Cross-examined. "I had no other information but the certificate and letter. The letter had just arrived to Carr & Josling. I am quite positive I only saw this one letter then. I saw this letter also (being the letter of the 1st October, 1857, from Da Costa to Jacobs & Co.) I had not been informed that the ship had met severe weather in coming to Monte Video. All I knew was what is in the letter and the certificate. I have a perfect recollection of all the circumstances."

Mr. John Poole was also called and stated. "I have been at Lloyd's fifty years. I have heard the evidence of the last witness. The account he has given is correct as relates to my knowledge. I am certain that both certificate and letter were shown at both offices." [It was agreed at the trial, and was to be taken that what occurred at the offices was as stated by Mr. Wanklyn.]

A facsimile of the policy, as drawn up by The Alliance Marine Insurance Company, was annexed to and formed part of the case.

The vessel with the cargo left Monte Video for England on the 21st October, 1857, and in the course of her voyage she encountered very

heavy weather, and both ship and cargo suffered sea-damage,

*419] which necessitated her putting into the port of Maranham, and eventually the ship was condemned and sold by order of the Tribunal of Commerce at Maranham, and such portions of the cargo as were not rendered useless by sea-damage were also sold.

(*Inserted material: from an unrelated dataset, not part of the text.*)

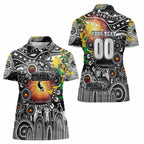 Personalised NAIDOC Week 2025 Magpies Football Women Polo Shirt Aboriginal Dot Painting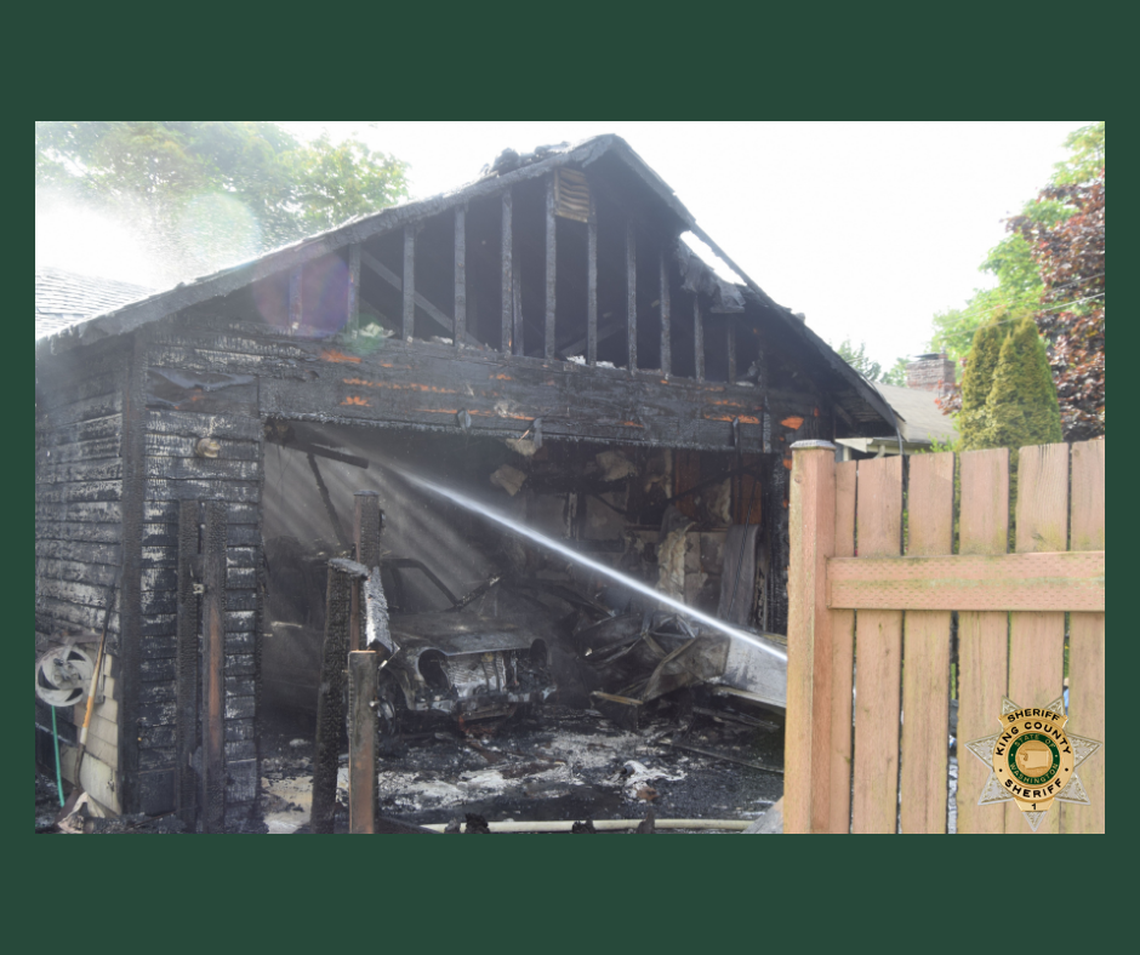 This Burien home is a total loss after a refrigerator inside the garage caught flame and ignited a nearby propane tank, which was being used to keep the “aging” fridge shut, according to the King County Sheriff’s Office.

At the trial it was admitted that the sea damage to the ship and cargo which necessitated the putting into Maranham caused an average

loss of both ship and cargo, but not a total loss of either; and it was agreed that the amount should be referred.

The defendants admitted that the ship was seaworthy when she sailed from Monte Video, and that she sailed from Monte Video intending to proceed to England, and they further admitted the interest as averred.

It was agreed that the Court should draw all inferences, and have all such powers as a Judge at nisi prius as to amendment or otherwise.

The Court or either party was to have power to refer to the pleadings and the several depositions and exhibits thereto, and the demurrer on the record was to be argued along with the case.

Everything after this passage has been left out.